To compile the Scala above into a JAR I'm using SBT which requires a project file. This is created by switching directories to /home/tegan/KeywordData/ and creating a KeywordData.sbt file.

cd /home/tegan/KeywordData
vi ExternalSearch.sbt

name := "KeywordData"

version := "1.0"

scalaVersion := "2.11.8"

libraryDependencies ++= Seq(
  "org.apache.spark" %% "spark-core" % "2.0.2",
  "org.apache.spark" %% "spark-sql" % "2.0.2"
)

Then compile the Scala project to a JAR with:

sbt package

When you are ready to submit the submit to Spark issue:

/opt/spark/bin/spark-submit \
 --class com.tegan.spark.keyworddata.KeywordData \
 --master spark://spark-master:7077 \
 --deploy-mode=client \
 /home/tegan/KeywordData/target/scala-2.11/externalsearch_2.11-1.0.jar

It starts to run for a bit then I get this error:

Exception in thread "main" java.lang.UnsupportedOperationException: CSV data source does not support array

I'm guessing it is because the JSON data contains a nested format. Here is an example of what it looks like:

 {
    "keyword_data": [{
        "value": "some keyword term here",
        "type": "Keyword Phrase",
        "data_points": [{
            "name": "Sessions",
            "value": 173628
        }, {
            "name": "Users",
            "value": 158454
        }, {
            "name": "Views",
            "value": 221868
        }]
    },{
        "value": "another keyword term here",
        "type": "Keyword Phrase",
        "data_points": [{
            "name": "Sessions",
            "value": 32432
        }, {
            "name": "Users",
            "value": 2333
        }, {
            "name": "Views",
            "value": 3332111
        }]
    }]
}

So a little altercations to the Scala code to read these nested values into a data frame looks like this:

package com.tegan.spark.keyworddata
import org.apache.spark.{SparkConf, SparkContext}
import org.apache.spark.SparkContext._
import org.apache.spark.sql.SparkSession

object ExternalSearch {
    def main(args: Array[String]) {

        val sparkConf = new SparkConf().setAppName("Keyword Data")
        val sc = new SparkContext(sparkConf)
        val spark = SparkSession.builder.getOrCreate()
        import spark.implicits._

        val json_path = "hdfs://hadoop-master:9000/keywordData/keywordData.json"
        val df = spark.read.json(json_path)
        val df_2 = spark.read.json(json_path)
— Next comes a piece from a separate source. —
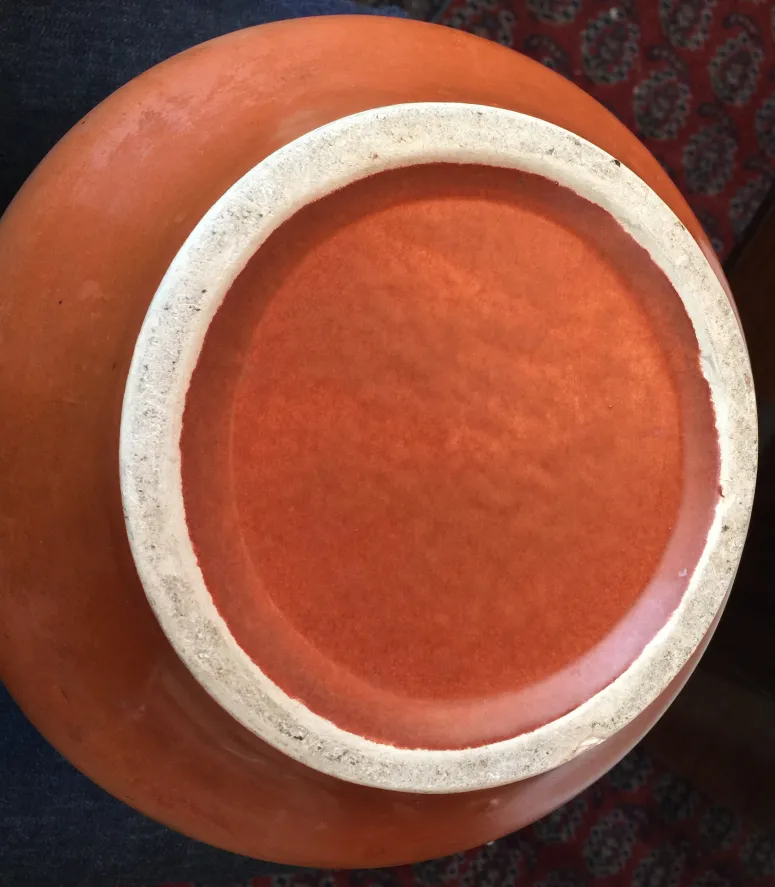 Top view of an antique red ceramic piece with a light rim.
        var xp_df_1 = df.withColumn("term_flat", explode(df("keyword_data")))
        var xp_df_2 = xp_df_1.drop(xp_df_1.col("keyword_data"))
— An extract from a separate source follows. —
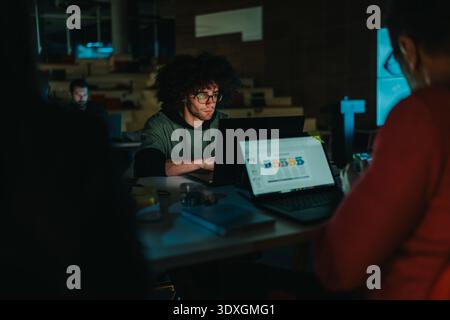 Focused coder with glasses works on laptop in a dim office, showcasing collaboration and concentration Stock Photo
        var xp_df_data_points = xp_df_2.withColumn("data_points", xp_df_2("term_flat.data_points"))

        var xp_df_name = xp_df_data_points.withColumn("m_guid", xp_df_data_points("measure.name"))
        var xp_df_name_val = xp_df_name.withColumn("m_name", xp_df_name("measure.value"))
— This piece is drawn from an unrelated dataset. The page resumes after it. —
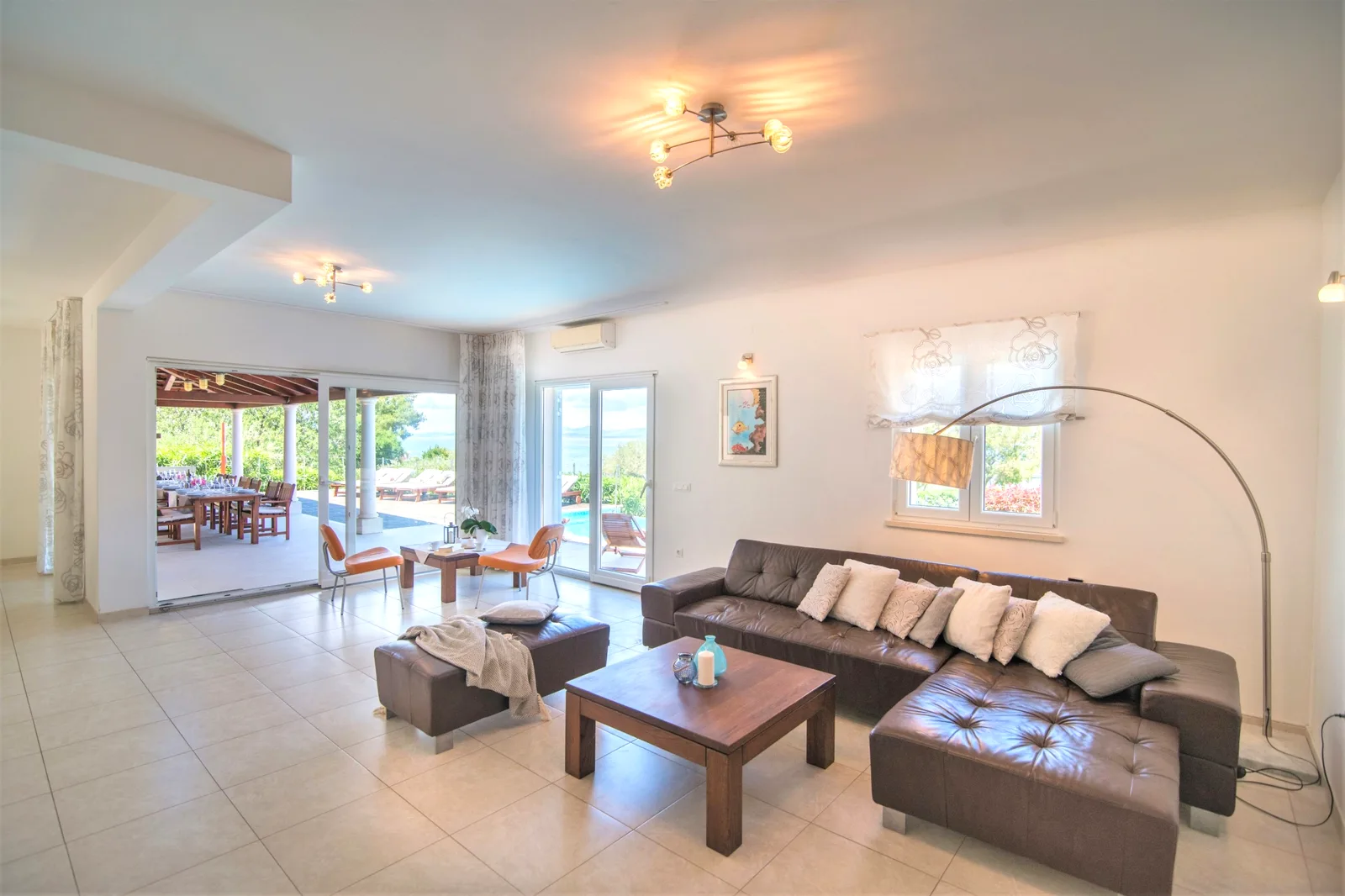 Living room with sea-view terrace doors at Villa Gumonca, Brač Island, Croatia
        var xp_df_final = xp_df_name_val.drop(xp_df_name_val.col("term_flat"))
        var final_df = xp_df_final.drop(xp_df_final.col("data_points"))

        final_df.write
            .format("com.databricks.spark.csv")
            .option("header", "true")
            .save("hdfs://hadoop-master:9000/keywordData/keywordData.csv")
    }
}

Recompile the new Scala code to a JAR using "sbt package" then submit it again and it should run, placing the final results in the HDFS location called out in the write option above.

The more I play with data, building ETL pipelines, working on marketing data applications, and working hand in hand with sales data, the more power I see to developing a good understanding of tools like Apache Spark, Airbnb's Airflow, and Elastic Stack. More to come!